Semiconductor manufacturing equipment maker ASML Holding NV (Veldhoven, The Netherlands) has announced that leading foundry Taiwan Semiconductor Manufacturing Co. Ltd. (Hsinchu, Taiwan) has ordered two NXE:3350B extreme ultra violet (EUV) lithography machines for delivery in 2015 and intended for use in production.
In addition, two NXE:3300B lithography machines already supplied to TSMC will be upgraded to NXE:3350B performance, ASML said. This gives the indication that TSMC is looking for EUV lithography insertion at the 10nm node some time in 2016.
The new NXE:3350B machines are reported to cost €70 million (about US$90 million) although whether TSMC will pay that price or obtain discounts as first user is likely to remain confidential. Intel, Samsung and TSMC have all participated in a co-investment program with ASML that provided ASML with considerable funds to try and accelerate the development of EUV technology.
EUV lithography has been coming for more than a decade and has failed to mature in time for numerous nodes, but it has received billions of dollars of investment and remained the most likely technology to take over from 193nm wavelength deep ultraviolet lithography.
How rising source power can EUV to practical production by 2016. Source: ASML.
The announcement of TSMC's order was made at a one-day conference for investors held in London, Nov. 24 at which Frans van Hout, ASML's chief program officer, showed slides summarizing various aspects of EUV lithography progress which indicated that capabilities were either ready to support 10nm or were on a improvement curve that would get them there by 2016.

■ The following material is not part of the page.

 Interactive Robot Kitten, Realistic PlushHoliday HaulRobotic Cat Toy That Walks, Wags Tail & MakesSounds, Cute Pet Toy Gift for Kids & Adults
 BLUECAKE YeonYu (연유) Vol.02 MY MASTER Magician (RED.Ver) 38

Van Hout's slides acknowledge that optical power – the brightness of the source – continues to be the major hurdle for EUV lithography to overcome. The source brightness translates into the time wafers must spend on the machine and throughput and therefore cost of production. IC manufacturers have traditionally looked to move in excess of 100 wafers per hour through a lithography scanner.
Van Hout said that 40W source has been demonstrated for continuous operation for more than two months and that 80W operation was good for 24 hours and that 100W has been demonsrated for a 60-minute run. An optical source power of 80W is equivalent to about 55 wafers per hour or 500 wafers per day.

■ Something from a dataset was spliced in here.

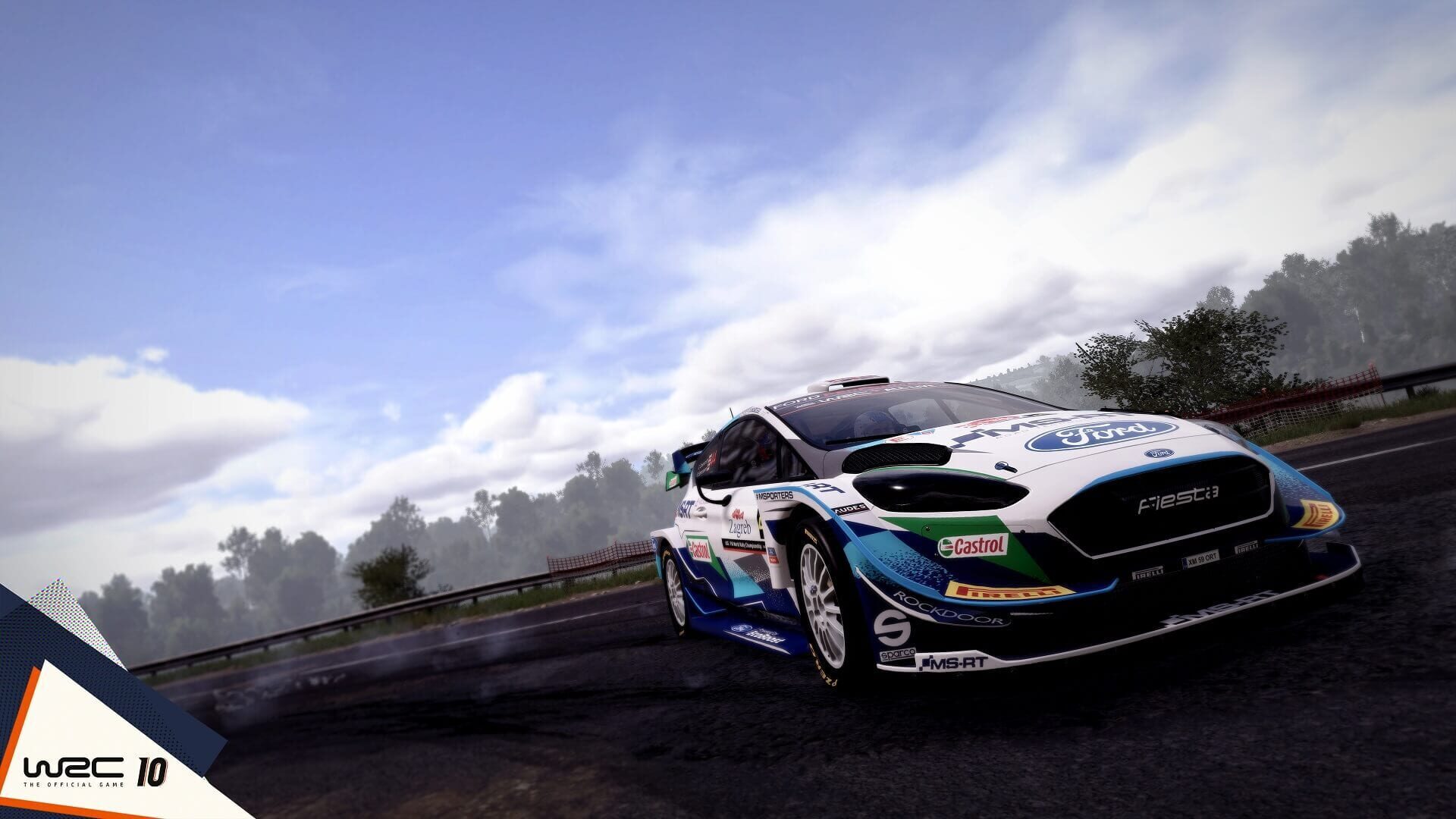 Screenshot for WRC 10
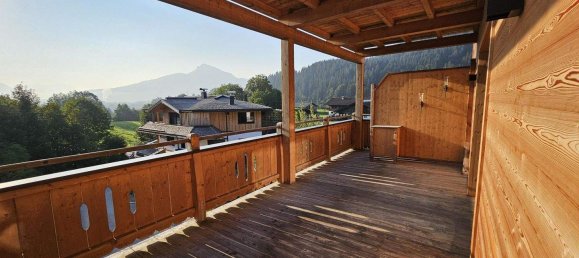 Дуплекс с 3 комнатами в Гойнг ам Вильден Кайзер, Австрия № 41272 3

Source power roadmap in more detail. Source: ASML.Van Hout said that EUV lithography throughput of better than 500 wafers per day had been demonstrated at two customer sites and that continuous operations and that the industrialization roadmap for the NXE:33x0B family of systems supports achieving more than 1500 wafers per day throughput in 2016.
On other aspects of EUV lithography the executive indicated that the performance of the optics meets both 10nm and 7nm requirements and that all aspects of mask making, handling, inspection and repair are good for 10nm although some improvements are required for 7nm and 5nm nodes. Similarly photoresist is " at an acceptable performance level for the 10nm chip generation," according to ASML.

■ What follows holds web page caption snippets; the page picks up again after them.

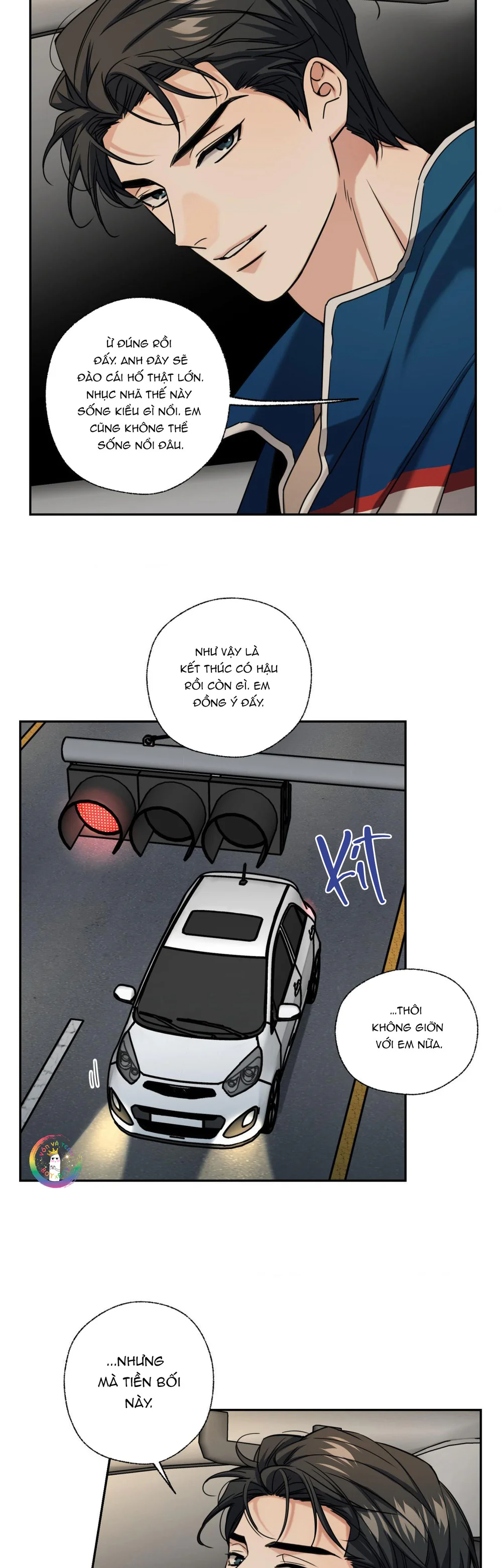 Đọc truyện ✯Đường Cong Tan Chảy✯ - Chapter 34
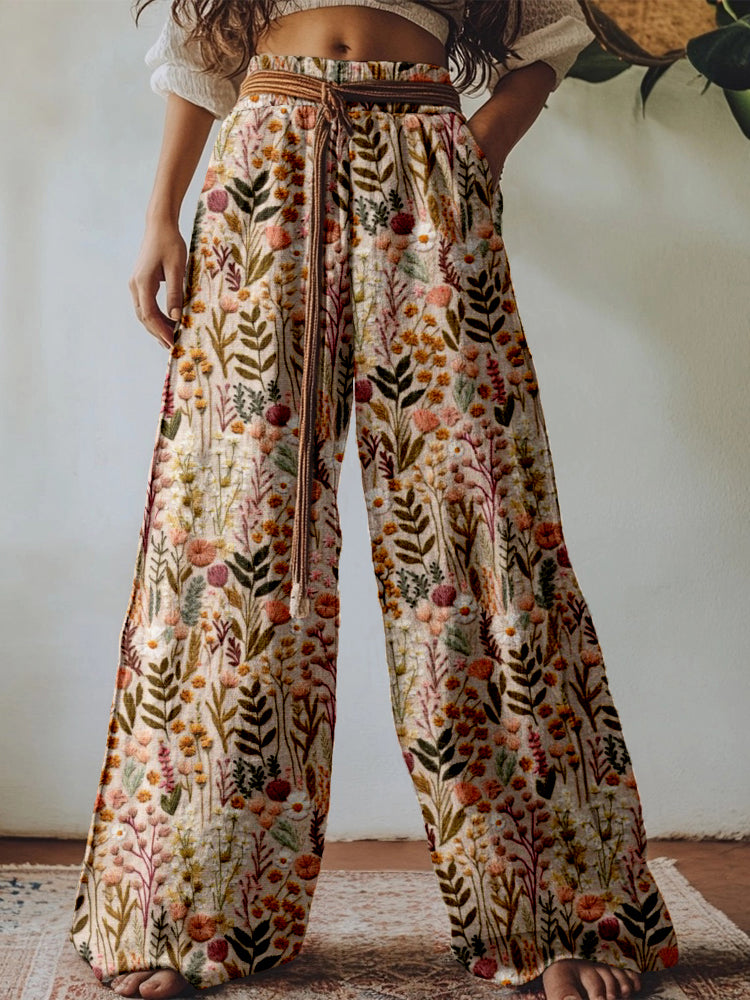 Vintage inspirierte Hose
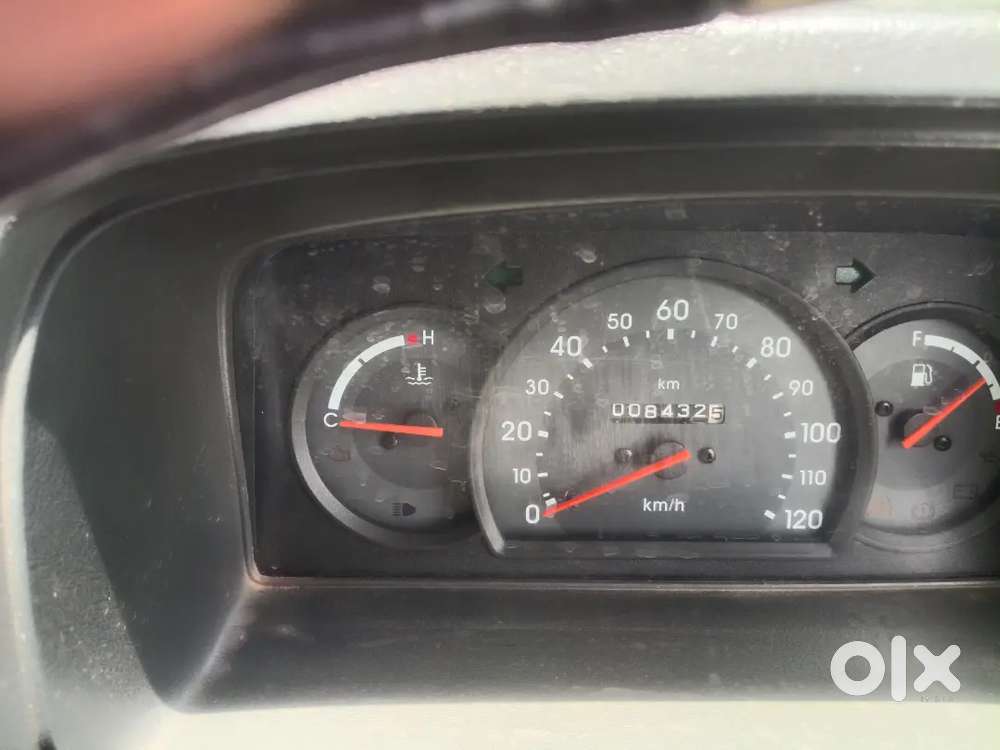 Maruti Omni 0.8 Ambulance 2008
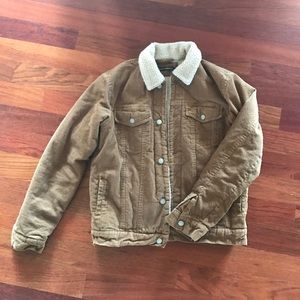 Brandy Melville Corduroy Jacket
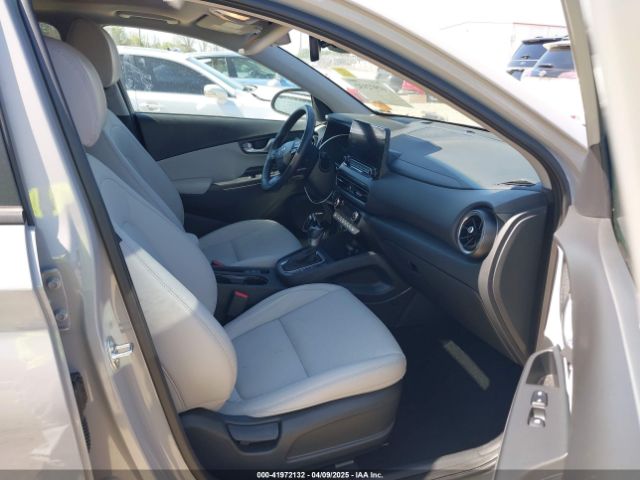 KM8K53A30PU009851 Hyundai Kona Limited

Van Hout’s conclusion was that DUV immersion lithography would be used for multiple layers in all the foreseeable nodes because layers higher up in the back-end of line have less aggressive minimum dimensions and the equipment is lower cost. However, EUV lithography will be used for critical layers in logic, NAND flash and DRAM chip production from 2016/2017.
As a result of the progress with EUV ASML told investors it expects to be shipping 50 to 60 EUV lithography systems per year by 2020.